Frontline Ltd. reported unaudited results for the three months and year ended December 31, 2017.
- Reports net loss attributable to the Company of $248.4 million, or $1.46 per share, for the fourth quarter of 2017, including non-cash impairment losses of $255.8 million
- Reports net income attributable to the Company adjusted for certain non-cash items of $5.0 million, or $0.03 per share, for the fourth quarter of 2017.
- Reports net loss attributable to the Company of $264.9 million, or $1.56 per share, and a net loss adjusted for certain non-cash items of $4.4 million, or $0.03 per share, for the year ended December 31, 2017.
- Agreed with Ship Finance to terminate the long-term charter for the 1998-built VLCC Front Circassia.
- Extended the terms of its senior unsecured loan facility of up to $275.0 million facility with an affiliate of Hemen Holding Ltd. by 12 months to November 2019.
Robert Hvide Macleod, Chief Executive Officer of Frontline Management AS commented:
“The spot rates in the fourth quarter were weak, as inventory draws impacted a freight market that was already suffering from high fleet growth. At the same time, the key drivers for the tanker market, crude oil demand and the world economy remain strong, and we may also be nearing the end of the cycle of inventory draws. The headwind factors experienced in 2017 could turn in our favour possibly towards the end of the year. The quarter shows Frontline’s resilience in weak markets, which is the direct result of low break-even levels and access to competitively priced capital.”

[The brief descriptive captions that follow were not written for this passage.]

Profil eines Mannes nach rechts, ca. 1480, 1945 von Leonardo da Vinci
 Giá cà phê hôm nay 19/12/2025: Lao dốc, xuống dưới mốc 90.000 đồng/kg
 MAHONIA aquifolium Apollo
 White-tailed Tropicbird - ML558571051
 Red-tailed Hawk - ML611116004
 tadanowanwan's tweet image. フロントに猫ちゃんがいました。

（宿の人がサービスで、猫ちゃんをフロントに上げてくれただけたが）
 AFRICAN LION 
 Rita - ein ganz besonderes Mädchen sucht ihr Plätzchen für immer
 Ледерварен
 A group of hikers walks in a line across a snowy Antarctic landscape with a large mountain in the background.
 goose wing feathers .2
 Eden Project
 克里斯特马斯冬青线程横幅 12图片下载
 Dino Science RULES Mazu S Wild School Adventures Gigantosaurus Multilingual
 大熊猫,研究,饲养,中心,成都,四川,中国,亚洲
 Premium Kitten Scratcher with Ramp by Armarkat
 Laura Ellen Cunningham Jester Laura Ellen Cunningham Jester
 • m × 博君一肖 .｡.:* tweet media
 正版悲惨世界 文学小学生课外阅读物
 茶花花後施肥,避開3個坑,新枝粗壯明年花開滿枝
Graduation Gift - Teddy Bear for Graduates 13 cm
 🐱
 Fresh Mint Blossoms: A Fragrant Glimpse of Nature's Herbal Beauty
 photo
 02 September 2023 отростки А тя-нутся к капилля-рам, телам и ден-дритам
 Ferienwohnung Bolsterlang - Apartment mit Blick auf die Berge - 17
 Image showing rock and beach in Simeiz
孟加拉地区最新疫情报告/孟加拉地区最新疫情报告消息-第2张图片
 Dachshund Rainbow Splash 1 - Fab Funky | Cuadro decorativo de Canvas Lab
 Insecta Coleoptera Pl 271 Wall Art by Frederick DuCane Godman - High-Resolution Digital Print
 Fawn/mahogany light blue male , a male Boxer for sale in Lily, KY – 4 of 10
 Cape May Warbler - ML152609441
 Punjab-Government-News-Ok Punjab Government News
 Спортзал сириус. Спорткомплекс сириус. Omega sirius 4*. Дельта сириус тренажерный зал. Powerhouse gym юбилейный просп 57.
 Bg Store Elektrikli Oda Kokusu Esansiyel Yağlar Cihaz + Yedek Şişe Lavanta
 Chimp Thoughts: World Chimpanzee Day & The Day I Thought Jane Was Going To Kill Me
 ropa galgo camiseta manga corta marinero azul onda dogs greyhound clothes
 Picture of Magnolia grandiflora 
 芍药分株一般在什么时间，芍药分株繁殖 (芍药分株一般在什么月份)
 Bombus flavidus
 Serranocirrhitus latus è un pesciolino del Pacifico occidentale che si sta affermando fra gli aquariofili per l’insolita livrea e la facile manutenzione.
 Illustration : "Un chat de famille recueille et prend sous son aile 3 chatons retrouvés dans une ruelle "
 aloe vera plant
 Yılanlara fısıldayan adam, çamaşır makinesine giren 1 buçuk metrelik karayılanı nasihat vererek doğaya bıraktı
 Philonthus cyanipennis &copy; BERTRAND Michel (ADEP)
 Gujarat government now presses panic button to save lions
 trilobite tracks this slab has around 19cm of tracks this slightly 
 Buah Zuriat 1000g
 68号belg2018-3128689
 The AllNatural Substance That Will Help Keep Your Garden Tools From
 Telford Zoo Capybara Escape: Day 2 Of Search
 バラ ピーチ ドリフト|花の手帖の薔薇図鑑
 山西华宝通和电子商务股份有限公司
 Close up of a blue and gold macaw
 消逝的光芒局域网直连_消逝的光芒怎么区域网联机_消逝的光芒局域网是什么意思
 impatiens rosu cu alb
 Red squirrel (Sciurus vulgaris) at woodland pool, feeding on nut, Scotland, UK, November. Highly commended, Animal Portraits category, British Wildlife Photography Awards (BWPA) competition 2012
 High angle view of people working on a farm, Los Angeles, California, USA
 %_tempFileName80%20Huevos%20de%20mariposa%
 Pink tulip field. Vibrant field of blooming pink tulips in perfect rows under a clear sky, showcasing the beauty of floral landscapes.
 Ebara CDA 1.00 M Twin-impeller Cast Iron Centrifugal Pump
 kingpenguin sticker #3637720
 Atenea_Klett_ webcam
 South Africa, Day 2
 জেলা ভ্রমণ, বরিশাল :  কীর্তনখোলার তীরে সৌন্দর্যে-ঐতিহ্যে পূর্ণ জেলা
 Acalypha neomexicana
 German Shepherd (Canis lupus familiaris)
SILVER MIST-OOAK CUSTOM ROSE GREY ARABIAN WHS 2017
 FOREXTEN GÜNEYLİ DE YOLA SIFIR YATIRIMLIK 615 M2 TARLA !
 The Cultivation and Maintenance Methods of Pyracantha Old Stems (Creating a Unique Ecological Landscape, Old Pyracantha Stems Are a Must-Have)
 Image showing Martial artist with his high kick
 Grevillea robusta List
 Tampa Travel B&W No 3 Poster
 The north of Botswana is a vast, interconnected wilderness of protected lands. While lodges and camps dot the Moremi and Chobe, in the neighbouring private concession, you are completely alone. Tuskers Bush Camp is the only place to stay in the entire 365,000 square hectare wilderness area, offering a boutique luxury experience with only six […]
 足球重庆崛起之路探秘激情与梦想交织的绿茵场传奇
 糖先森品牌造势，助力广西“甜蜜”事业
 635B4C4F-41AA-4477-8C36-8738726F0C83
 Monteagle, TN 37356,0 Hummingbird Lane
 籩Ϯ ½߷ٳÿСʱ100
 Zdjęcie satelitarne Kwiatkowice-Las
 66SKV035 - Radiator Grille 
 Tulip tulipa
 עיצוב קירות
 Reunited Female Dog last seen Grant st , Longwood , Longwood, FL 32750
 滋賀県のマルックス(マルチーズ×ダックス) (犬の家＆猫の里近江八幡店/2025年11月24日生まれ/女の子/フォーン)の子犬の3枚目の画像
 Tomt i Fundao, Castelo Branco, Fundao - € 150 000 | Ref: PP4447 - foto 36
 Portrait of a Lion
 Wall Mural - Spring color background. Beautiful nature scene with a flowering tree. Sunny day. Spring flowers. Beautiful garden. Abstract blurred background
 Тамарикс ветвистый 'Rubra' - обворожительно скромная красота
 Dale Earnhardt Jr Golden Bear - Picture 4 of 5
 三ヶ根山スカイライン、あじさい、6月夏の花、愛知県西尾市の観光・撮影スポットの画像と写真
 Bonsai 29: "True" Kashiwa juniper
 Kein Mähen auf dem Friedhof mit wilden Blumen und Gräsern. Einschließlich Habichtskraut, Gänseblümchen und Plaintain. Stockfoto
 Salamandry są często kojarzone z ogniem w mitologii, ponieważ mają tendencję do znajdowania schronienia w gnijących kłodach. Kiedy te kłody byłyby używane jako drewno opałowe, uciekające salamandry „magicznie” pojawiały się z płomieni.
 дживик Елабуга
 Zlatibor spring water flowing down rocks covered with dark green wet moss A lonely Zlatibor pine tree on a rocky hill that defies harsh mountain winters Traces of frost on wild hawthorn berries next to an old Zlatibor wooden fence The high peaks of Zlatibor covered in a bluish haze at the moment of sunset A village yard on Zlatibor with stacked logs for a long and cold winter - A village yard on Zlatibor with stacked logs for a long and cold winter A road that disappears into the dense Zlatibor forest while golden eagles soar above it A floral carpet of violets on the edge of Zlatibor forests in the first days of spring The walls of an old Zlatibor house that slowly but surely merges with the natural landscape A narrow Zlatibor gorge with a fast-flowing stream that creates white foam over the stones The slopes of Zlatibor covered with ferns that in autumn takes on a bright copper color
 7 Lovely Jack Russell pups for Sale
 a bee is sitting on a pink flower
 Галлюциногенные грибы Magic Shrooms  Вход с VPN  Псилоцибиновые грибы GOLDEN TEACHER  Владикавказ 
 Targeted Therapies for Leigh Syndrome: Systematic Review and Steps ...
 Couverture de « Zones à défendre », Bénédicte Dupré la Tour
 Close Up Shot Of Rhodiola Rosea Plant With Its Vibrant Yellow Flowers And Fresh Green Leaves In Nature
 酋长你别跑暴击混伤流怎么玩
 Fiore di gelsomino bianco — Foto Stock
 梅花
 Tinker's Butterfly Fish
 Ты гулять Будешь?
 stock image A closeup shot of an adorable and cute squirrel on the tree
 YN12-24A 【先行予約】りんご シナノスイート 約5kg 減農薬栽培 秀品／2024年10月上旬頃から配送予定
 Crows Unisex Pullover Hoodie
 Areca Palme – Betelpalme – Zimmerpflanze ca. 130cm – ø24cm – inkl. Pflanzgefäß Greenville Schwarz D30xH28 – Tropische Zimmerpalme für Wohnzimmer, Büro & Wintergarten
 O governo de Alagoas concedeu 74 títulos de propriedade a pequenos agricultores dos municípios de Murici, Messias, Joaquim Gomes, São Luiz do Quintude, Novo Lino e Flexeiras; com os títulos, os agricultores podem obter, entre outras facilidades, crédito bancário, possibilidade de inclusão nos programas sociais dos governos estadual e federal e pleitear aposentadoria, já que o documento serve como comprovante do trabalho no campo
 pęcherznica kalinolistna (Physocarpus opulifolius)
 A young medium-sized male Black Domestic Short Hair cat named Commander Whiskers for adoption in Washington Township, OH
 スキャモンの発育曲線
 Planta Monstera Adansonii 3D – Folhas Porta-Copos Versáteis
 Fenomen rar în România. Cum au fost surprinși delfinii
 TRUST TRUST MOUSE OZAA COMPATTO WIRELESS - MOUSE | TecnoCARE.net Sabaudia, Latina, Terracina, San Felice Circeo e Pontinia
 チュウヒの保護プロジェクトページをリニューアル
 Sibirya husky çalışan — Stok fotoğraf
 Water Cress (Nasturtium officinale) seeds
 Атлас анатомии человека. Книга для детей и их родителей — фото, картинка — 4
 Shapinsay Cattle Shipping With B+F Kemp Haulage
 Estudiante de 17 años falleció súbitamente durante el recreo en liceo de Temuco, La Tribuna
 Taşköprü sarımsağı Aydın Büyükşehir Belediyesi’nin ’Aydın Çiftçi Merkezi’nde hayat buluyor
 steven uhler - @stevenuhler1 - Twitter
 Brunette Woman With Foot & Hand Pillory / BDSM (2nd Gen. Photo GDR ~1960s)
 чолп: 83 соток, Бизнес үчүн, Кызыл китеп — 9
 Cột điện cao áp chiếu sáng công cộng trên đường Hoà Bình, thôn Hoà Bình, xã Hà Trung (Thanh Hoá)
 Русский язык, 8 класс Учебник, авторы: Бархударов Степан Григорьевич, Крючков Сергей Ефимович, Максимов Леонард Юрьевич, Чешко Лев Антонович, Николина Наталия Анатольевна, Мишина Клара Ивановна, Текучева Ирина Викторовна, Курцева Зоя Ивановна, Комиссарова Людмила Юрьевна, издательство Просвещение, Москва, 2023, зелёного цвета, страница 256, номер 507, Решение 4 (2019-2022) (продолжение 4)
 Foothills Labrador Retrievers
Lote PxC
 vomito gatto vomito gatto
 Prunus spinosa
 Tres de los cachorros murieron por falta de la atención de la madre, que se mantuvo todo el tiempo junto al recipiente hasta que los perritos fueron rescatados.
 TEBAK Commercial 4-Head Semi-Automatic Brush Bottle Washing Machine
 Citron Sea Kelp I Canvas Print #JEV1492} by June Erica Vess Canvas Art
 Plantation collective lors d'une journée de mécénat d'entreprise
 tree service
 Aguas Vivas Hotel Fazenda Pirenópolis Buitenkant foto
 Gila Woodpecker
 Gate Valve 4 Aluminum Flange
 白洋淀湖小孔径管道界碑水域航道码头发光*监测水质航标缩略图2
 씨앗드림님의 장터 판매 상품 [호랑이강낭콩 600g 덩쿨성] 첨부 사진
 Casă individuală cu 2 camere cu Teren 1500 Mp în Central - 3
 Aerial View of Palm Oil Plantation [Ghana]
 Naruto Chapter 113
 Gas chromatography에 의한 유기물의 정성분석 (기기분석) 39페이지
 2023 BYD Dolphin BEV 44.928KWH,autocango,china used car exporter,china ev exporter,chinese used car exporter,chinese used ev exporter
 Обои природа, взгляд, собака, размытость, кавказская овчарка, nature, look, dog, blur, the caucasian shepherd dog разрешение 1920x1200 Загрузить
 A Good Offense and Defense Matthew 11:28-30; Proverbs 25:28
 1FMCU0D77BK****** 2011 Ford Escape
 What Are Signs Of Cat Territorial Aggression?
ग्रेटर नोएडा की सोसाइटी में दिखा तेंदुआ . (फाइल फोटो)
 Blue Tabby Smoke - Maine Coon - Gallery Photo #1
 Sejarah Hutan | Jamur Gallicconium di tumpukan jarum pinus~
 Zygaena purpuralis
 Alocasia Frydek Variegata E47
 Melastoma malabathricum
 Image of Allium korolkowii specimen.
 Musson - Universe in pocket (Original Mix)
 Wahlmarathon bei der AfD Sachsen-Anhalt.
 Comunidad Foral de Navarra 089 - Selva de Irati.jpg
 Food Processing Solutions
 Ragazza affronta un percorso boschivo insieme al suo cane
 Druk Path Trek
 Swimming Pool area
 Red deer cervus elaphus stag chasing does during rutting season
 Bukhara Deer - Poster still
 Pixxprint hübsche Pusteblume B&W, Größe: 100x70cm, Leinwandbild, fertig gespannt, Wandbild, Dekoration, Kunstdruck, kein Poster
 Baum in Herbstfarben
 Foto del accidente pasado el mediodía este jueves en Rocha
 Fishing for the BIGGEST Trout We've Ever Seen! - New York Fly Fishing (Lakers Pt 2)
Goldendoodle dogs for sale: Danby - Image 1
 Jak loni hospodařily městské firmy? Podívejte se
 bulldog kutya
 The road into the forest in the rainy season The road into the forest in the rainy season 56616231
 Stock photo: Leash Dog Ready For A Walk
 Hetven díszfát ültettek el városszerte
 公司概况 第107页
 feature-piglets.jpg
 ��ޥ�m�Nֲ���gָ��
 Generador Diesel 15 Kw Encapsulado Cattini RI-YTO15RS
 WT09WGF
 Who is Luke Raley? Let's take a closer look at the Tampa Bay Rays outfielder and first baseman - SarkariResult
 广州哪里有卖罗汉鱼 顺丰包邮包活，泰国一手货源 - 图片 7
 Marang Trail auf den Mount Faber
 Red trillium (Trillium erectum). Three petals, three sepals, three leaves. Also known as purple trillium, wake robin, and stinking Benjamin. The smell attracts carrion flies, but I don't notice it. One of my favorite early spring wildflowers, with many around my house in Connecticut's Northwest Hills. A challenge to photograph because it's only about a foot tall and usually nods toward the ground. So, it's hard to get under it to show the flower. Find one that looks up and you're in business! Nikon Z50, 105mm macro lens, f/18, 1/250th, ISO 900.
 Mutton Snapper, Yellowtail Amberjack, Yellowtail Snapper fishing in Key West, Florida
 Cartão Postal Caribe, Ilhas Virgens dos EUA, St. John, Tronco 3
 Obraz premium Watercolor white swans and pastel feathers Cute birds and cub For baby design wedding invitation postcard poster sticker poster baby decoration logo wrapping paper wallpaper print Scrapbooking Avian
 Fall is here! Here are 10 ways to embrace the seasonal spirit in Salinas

Inger M. Klemp, Chief Financial Officer of Frontline Management AS, added:
“With asset values, rates and Frontline’s cash break-even rates at historically low levels our downside risk is limited. We are in a unique position to capitalize on increases in both asset values and rates and we have a strong liquidity position in excess of $300 million as at the end of December 2017.”